We created an empty document, added new page to it and appended an instance of TextObject class into its content. For this text object we also created a text matrix and indicated that we’d like to use one of the standard fonts. This clean example based on Fixed layout API hides many low-level details behind the scene e.g. creation of necessary operators, providing you with a clean and straightforward way to get job done. Other text options can be set using text object instance, e.g. leading, char and word spacing, text rise, rendering mode etc. See section 9.4 “Text Objects” of the PDF specification for the complete list.

Other thing to notice is how we positioned the text on the page. It was done by altering the current transformation object for the page's content to which our textobject was subsequently added. This transformation set the initial position of the text object's coordinate space.

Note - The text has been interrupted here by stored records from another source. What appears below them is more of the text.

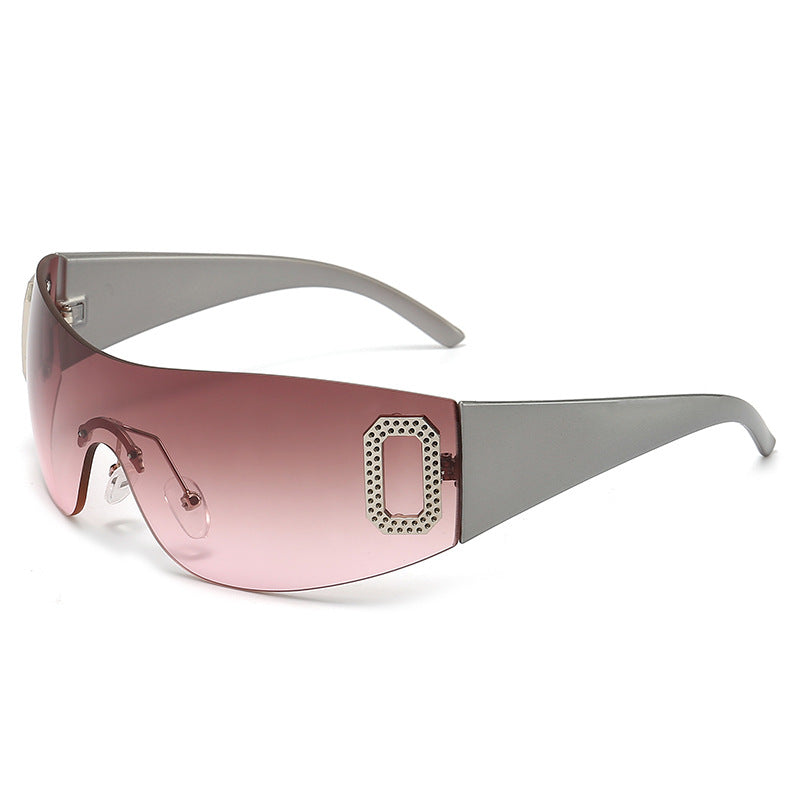 Letter Integrated Sun-proof Millennium Sunglasses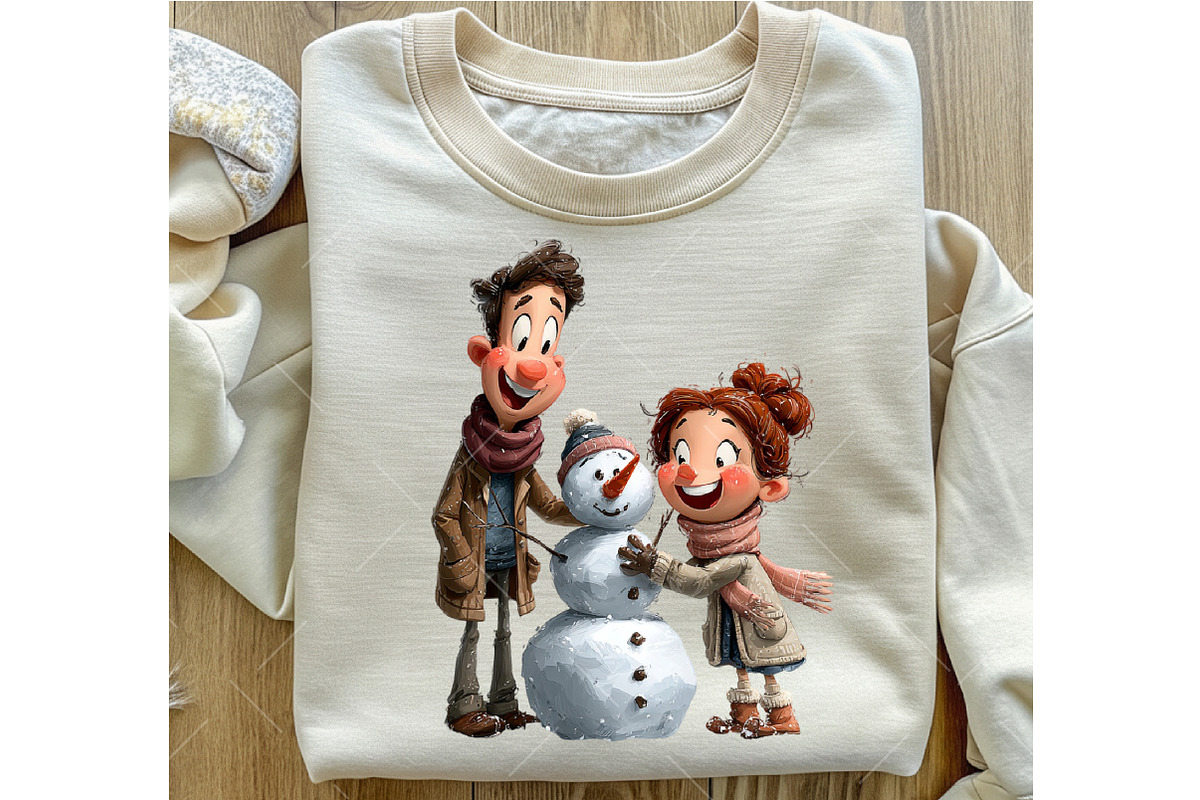 Whimsical Christmas Family Clipart, an Illustration by OK Design (Photo 6 of 6)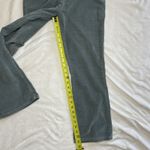 Free People Velvet Crop Flare Pants Green Slim Fit Stretch Corduroy Size M Photo 10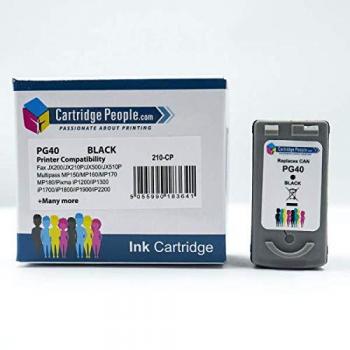 Canon PG-40 Black Ink Cartridge, Genuine Alternative, 0615B001 (Cartridge People)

// set current transformation matrix, so the text will be added to the top of the page,
// PDF coordinate system has Y-axis pointing from bottom to top.
document.Pages[0].Content.Translate(10, 820);
 

So we’ve added 10pt offset to the X-coordinate and 820pt to the Y coordinate of the page's initial transformation, moving our objects from left to the right and from bottom to the top. This way we got our text object placed on top of the page. If there were another text object added after the first one, it would have to have an additional transformation applied in order to not overlap with the first one.